PostPosted: Tue Apr 21, 2009 5:48 am
by D4RK3R1
So far, I've had alot of people tell me I can write. but somehow, I'm a bit sceptical. So heres a song I wrote. Gimme a little critique...

"Toll Keeper"

[intro]
Life for Life
Blood for blood
Life for Life(louder)
Blood for blood(Louder)
Life for Life(louder)
Blood for blood(louder)
Life for Life(screaming)
Blood for blood(screaming)

[verse 1]*all screaming*

Life for life
Blood for blood
You die in vain
For those you love
Life for life
It's not enough
Forsaken by
The ones above

[chorus]*still screaming*

Life for life
Eternal debt
That grinds your bones
And rends your flesh
Blood for blood
To lift this toll
I must be paid
With your soul

[insert]*screaming*

You want in hell
You pay the price
Hope eternal
Shall suffice

*guitar solo 1*

[insert]*deeper scream*

You want in hell
You pay the price
Hope eternal
Shall suffice

*guitar solo 2*

[vocal/guitar outro]*screaming*

You want in hell
You pay the price
Hope eternal
Shall suffice
Now its done
We are one
Your soul is mine
For all of time

PostPosted: Tue Apr 21, 2009 6:59 am
by Shredd6
It looks ok to me. I can see the syllables working. It looks like a normal Black Death Metal song to me.

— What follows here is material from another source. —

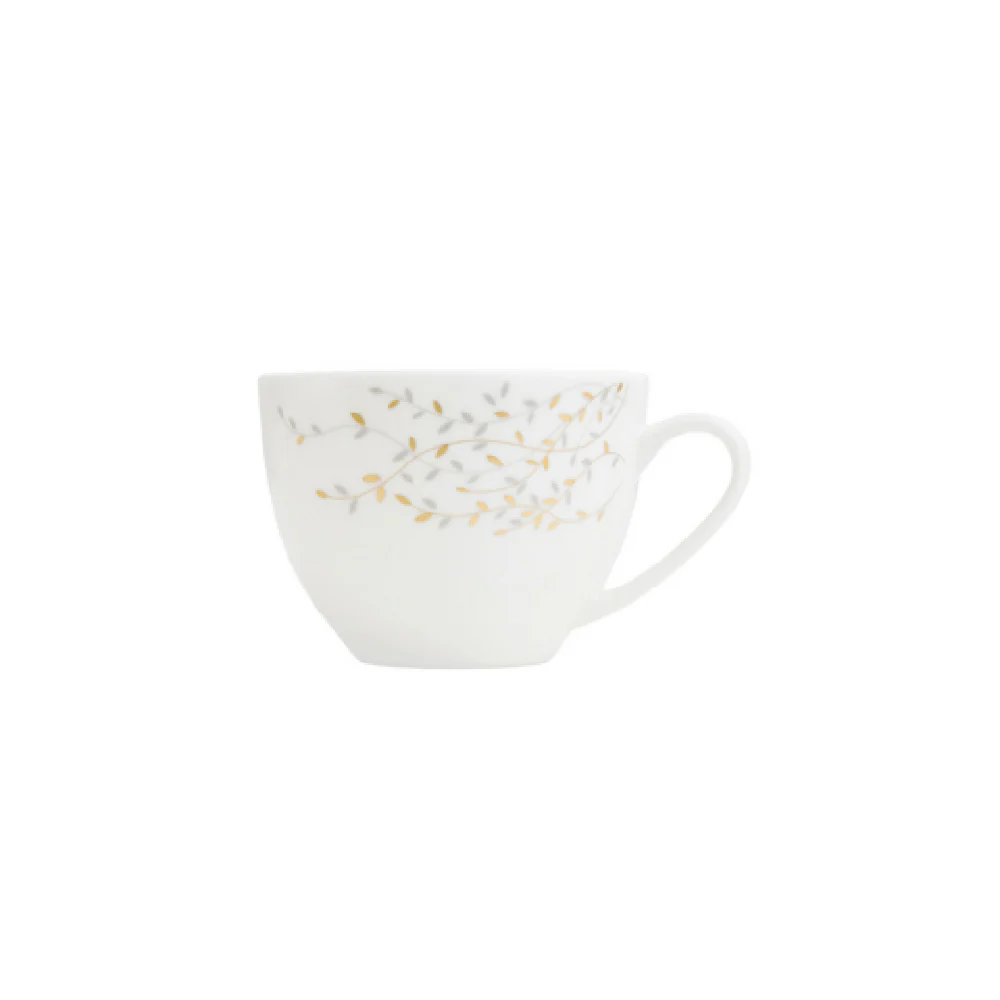 Fortessa RRP.JASMINE.10 8 Oz Coffee Cup Bone China White 48 Packs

Just be careful of certain words together and whether they roll off the tongue smoothly.

"And Rends your flesh" might be an awkward one. When sung properly it might sound like "and rents ya flesh" or "wrench ya flesh" or "Ranger Flesh". If you go with the "Rends-your" combo you might find that the NDS might have to be drawn out to the point that you end up off time to the music if you really want people to know what it is you're saying..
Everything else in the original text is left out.